Selling Data Science: Common Language

What do you think of when you say the word "data"?  For data scientists this means SO MANY different things from unstructured data like natural language and web crawling to perfectly square excel spreadsheets.  What do non-data scientists think of?  Many times we might come up with a slick line for describing what we do with data, such as, "I help find meaning in data" but that doesn't help sell data science.  Language is everything, and if people don't use a word on a regular basis it will not have any meaning for them.  Many people aren't sure whether they even have data let alone if there's some deeper meaning, some insight, they would like to find.  As with any language barrier the goal is to find common ground and build from there.

You can't blame people, the word "data" is about as abstract as you can get, perhaps because it can refer to so many different things.  When discussing data casually, rather than mansplain what you believe data is or what it could be, it's much easier to find examples of data that they are familiar with and preferably are integral to their work.
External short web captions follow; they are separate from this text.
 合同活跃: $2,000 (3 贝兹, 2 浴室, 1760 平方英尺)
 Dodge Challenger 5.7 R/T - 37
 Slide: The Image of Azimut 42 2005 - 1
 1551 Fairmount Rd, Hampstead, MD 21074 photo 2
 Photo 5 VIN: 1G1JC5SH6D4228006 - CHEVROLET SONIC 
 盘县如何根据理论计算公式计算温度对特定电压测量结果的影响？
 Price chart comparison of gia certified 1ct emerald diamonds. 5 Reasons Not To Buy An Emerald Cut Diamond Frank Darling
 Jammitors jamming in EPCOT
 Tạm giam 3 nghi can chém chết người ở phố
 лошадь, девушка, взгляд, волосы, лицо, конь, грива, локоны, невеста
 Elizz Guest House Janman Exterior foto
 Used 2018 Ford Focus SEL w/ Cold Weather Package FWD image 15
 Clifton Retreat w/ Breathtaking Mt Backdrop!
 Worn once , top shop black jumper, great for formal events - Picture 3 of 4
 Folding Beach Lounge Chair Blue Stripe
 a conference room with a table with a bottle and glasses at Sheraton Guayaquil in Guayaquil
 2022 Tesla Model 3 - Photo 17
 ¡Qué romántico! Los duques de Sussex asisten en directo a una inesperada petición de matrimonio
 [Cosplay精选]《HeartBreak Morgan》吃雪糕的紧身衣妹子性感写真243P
The most common data that everyone runs into is natural language, unfortunately this unstructured data is also some of the most difficult to work with; In other words, they may know what it is but showing how it's data may still be difficult.  One solution: discuss a metric with a qualitative name, such metrics include: "similarity", "diversity", or "uniqueness".  We may use the Jaro algorithm to measure similarity, where we count common letters between two strings and their transpositions, and there are other algorithms.  When discuss 'similarity' with someone new, or any other word that measures relationships in natural language, we are exploring something we both accept and we are building common ground.


Some data is obvious, like this neatly curated spreadsheet from the Committee to Protect Journalists.  Part of my larger presentation at Freedom Hack (thus the lack of labels), the visualization shown on the right was only possible to build in short order because the data was already well organized.  If we're lucky enough to have such an easy start to a conversation, we get to bring the conversation to the next level and maybe build something interesting that all parties can appreciate; In other words we get to "geek out" professionally.